Kernstück der zweiten CD – die Aufnahmen dafür entstanden im selben Monat beim Musikfestival Quincena in San Sebastián - ist Wolfgang Amadeus Mozarts dreisätzige Klaviersonate Nr. 13 in B-Dur K. 333. Sie entstand als Reminiszenz zu Mozarts letzter Begegnung mit Johann Christian Bach 1788 in Paris, ergänzt durch das Adagio in h-Moll K. 540 (1778), das von feiner Melancholie geprägt ist. Auch diese beiden Werke verbindet eine gemeinsame Jahreszahl, wenngleich Mozart die Sonate erst zum Jahreswechsel 1783/84 aufgeschrieben hat.
Fast schon rituell ist das Procedere der Zugaben, mit denen Sokolov seine Konzerte bekrönt. Auch ihre Auswahl für diese Veröffentlichung folgt einem genauen musikalischen Kalkül.

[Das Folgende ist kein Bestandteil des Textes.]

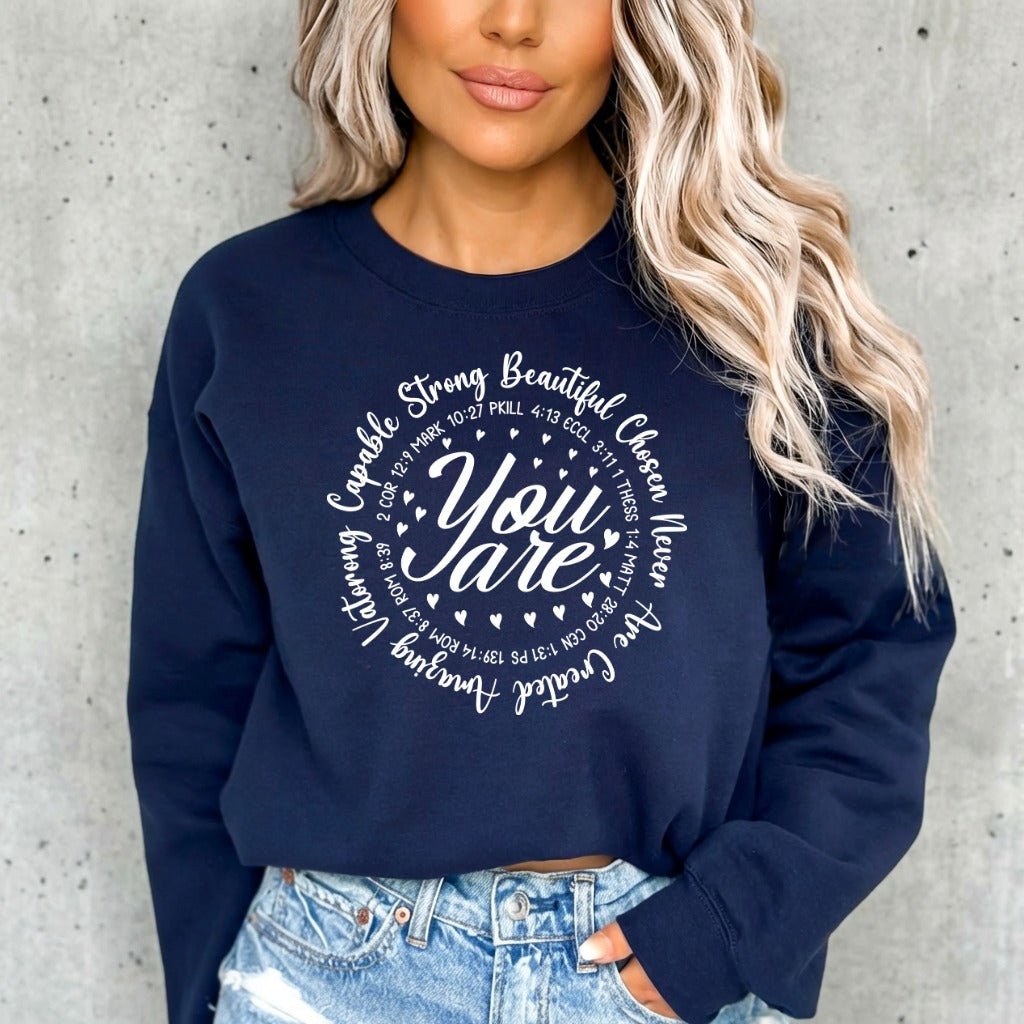 You Are Capable Strong Beautiful Chosen | Affirmation Scripture Sweatshirt - Luckets.com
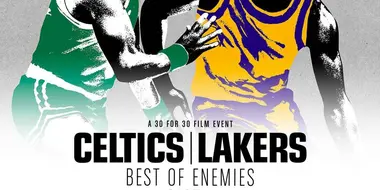 Celtics/Lakers: Best of Enemies - Part 2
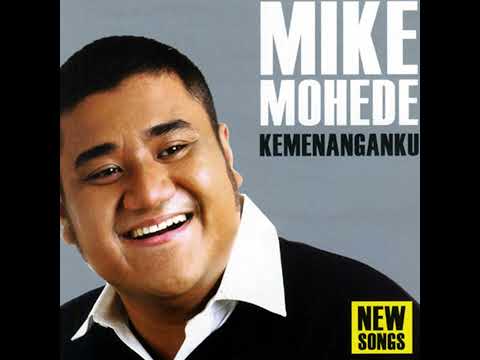 Full Album | Mike Mohede • Kemenanganku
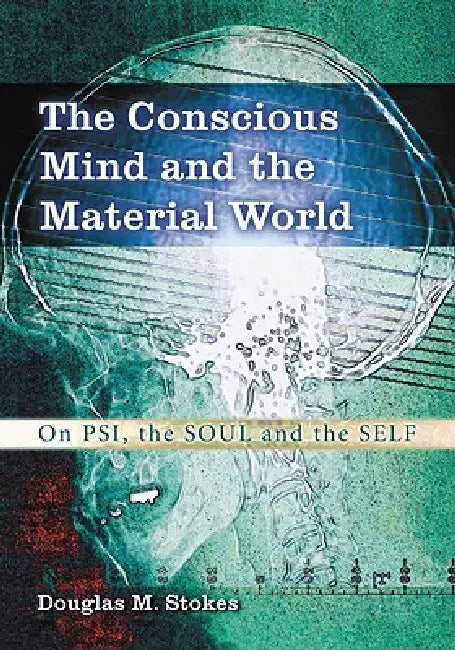 The Conscious Mind and the Material World: On Psi, the Soul and the Self by Douglas M. Stokes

Von Jean-Philippe Rameau und Johann Sebastian Bach bis zu Frédéric Chopin spannt sich der Bogen und ergänzt die Hauptwerke seiner Recitals in idealer Weise.


tzm

Grigory Sokolov


„Purcell & Mozart"


Deutsche Grammophon / Universal


2-CD 23,95 € (VÖ: 30.8.24)


3-LP 49,95 € (VÖ: 11.10.24)

(Bildrechte: Oscar Tursunov)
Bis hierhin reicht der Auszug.